Meeting Them “Where They Are”

When I was coordinating a Unified Theater program in North Carolina, there was one participant, whom I will call Katie, who, at first, really did not want to be there. She complained about the games, the snack, the skits… really whatever she could find to complain about. Each week, I was sure that she was not going to want to come back the following week. But alas, there she was. Katie happened to have autism, and she was very particular about how things needed to happen, or else she was thrown completely off.

There was another guy in the group, whom I will call Robert, who really got on Katie’s nerves. Robert tended towards self-stimulatory behaviors, typically using a pen cap to soothe himself. Katie really did not like that, and she would often yell, “Robert! Why are you always playing with that pen cap?!” It was interesting to me that Katie had difficulty understanding why Robert often had his pen cap with him, as I thought, “Well, Katie has autism, too. Doesn’t she get it?” (This was a few years ago, before I really understood that no individual is alike, and certain behaviors often exhibited by people with a disability are not exhibited by all people with that disability.)

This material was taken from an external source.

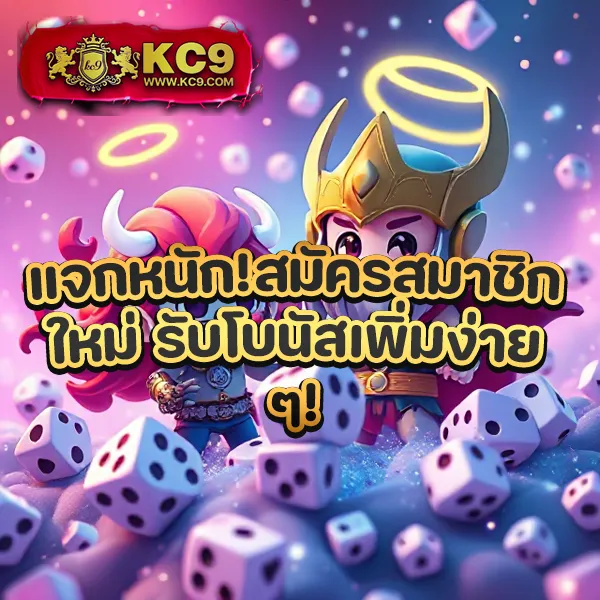 DK7.com เครดิตฟรี 108 | รับเครดิตฟรีทันทีเมื่อสมัครสมาชิก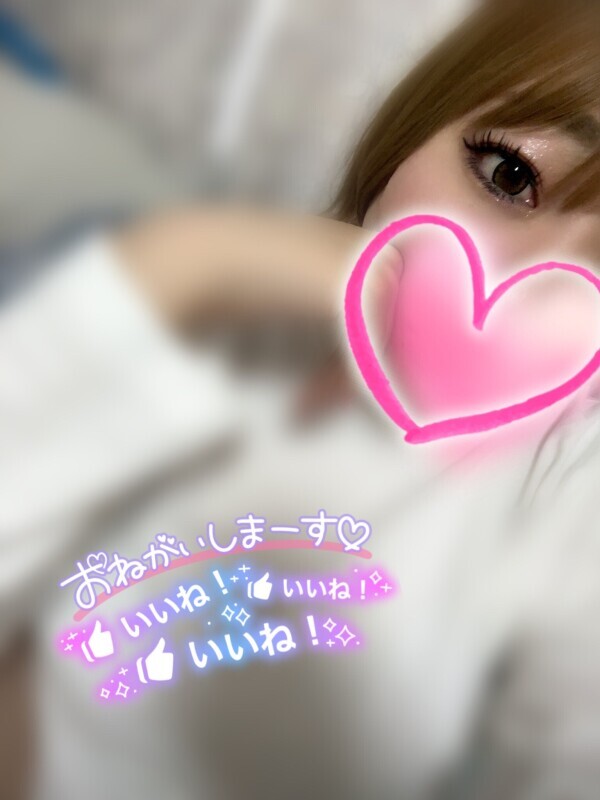 4月29日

Katie also had difficulty with our schedule. Rehearsal ended at 8:00 each night, and Katie was very aware of that time. She was constantly asking me what time it was, and at 7:55, she would always ask, “Isn’t it almost time for us to leave now?” I interpreted this as a dislike for our program, and I figured she was excited to leave. Later, I learned that her dependence on schedule was part of her nature, that she really would benefit from a posted agenda, and that she sometimes needed a gentle reminder that she still had five minutes to give us her attention and best performance she could.

About halfway through the season, the students spent a week on Spring Break. When they came back, things seemed to have changed. Robert had spent his week in India with his parents, visiting extended family who lived there. All of a sudden, Katie actually wanted to spend time with Robert, wanting to know all about the animals he saw in India, the places he visited, and the food he ate. Katie turned out to be quite the travel enthusiast! We had finally figured out a way to reach her.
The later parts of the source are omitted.